As we have noted here over and over, the left in the context of Marxism is its own worst enemy and has plied the stale Marxist dogma system decade after decade without a murmur of critique or any sense of innovation or moving on. Such is the muddle here that the general public cannot differentiate in their minds core left Marxist socialism from the pseudo-socialism/communism of China, or North Korea! The current left is incapable of disentangling themselves from these monstrosities. It is a hopeless position, in fact, and there is no chance of reviving this dead corpse given the state of mind of Marxists who are stuck in the cultic fixation on Marx/Engels and their flawed and useless ‘historical materialism’ and ‘dialectical materialism. How is someone going to embrace a cogent and real left if one must swallow these by now archaic monstrosities. The whole field becomes the religion of uncritical followers who cannot get past boilerplate leftism with constant repetitive quotation syndrome.
The only solution is to start over and create a viable and robust ‘new socialism’ that disowns the legacy of the Marxist starting point, which we might note completely took over and monopolized the original socialists and created a closed ideology instead of an active research project.
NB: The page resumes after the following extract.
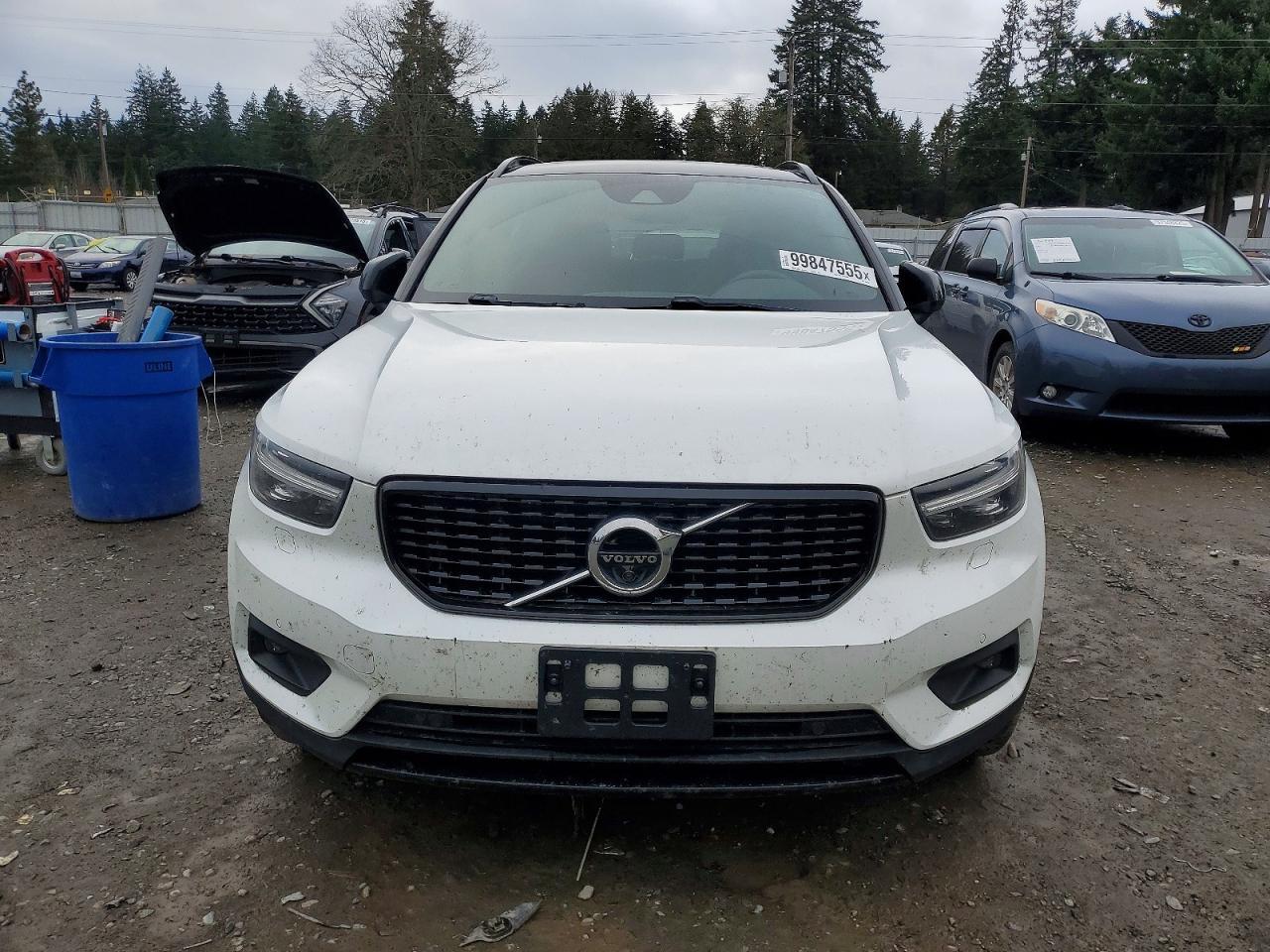 2021 Volvo Xc40 T5 R-design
The result is immense literature that is now essentially a dead letter.
In The Last Revolution, I have tried to attempt this restart by starting over with a new formulation, one that displaces Marx/Engels to a historical promontory and reformulates the whole framework of postcapitalism, and this in the new context and crisis of climate change. This framework of ‘democratic market neo-communism’ shows how a true communism can create a sound economy, in the context of achieving classic social democratic aims as economic rights, in the context, not of state capitalism but of a Commons and a global initiative of a new International free of the Stalinist imperialism of thugs. Marxists fumbled the ball on markets, and a framework of socialist markets in the context of a Commons, along with the now maturing technologies of planning, can make a robust socialist system thrive.

The_Last_Revolution_Postcapitalist Futures_ ED4_2_26_23
The public cannot embrace a ‘real socialism’ because they have never been given any real platform to that effect; small wonder it balks at anything beyond the welfare state version.
Marx and Engels fit very well into their own time and place and produced a vibrant cascade of global influence in the Second International. But the Leninist Bolshevism revealed at once the limitations of Marxist thinking and showed how easily, almost inexorably, it could slip into dictatorship. The idea of the dictatorship of the proletariat, a term forever confusing, has to be one of the worst ideas ever proposed for socialism, granting that its original meaning has been lost. Marx was a very dominating figure and completely eliminated all dissent in his limited framework. The classic Manifesto is all that is needed (although that work is itself flawed) while texts like Capital are hopelessly confusing with their half-baked ‘theories’.
Social democracy isn’t enough, and we can see how even that has been successfully marginalized by capitalists.

We have but to watch the pitiless and almost deliberate destruction of the Amazon Basin, and the total failure of any party whatever to offer any rescue, to consider the dangers of anything less than a global Commons.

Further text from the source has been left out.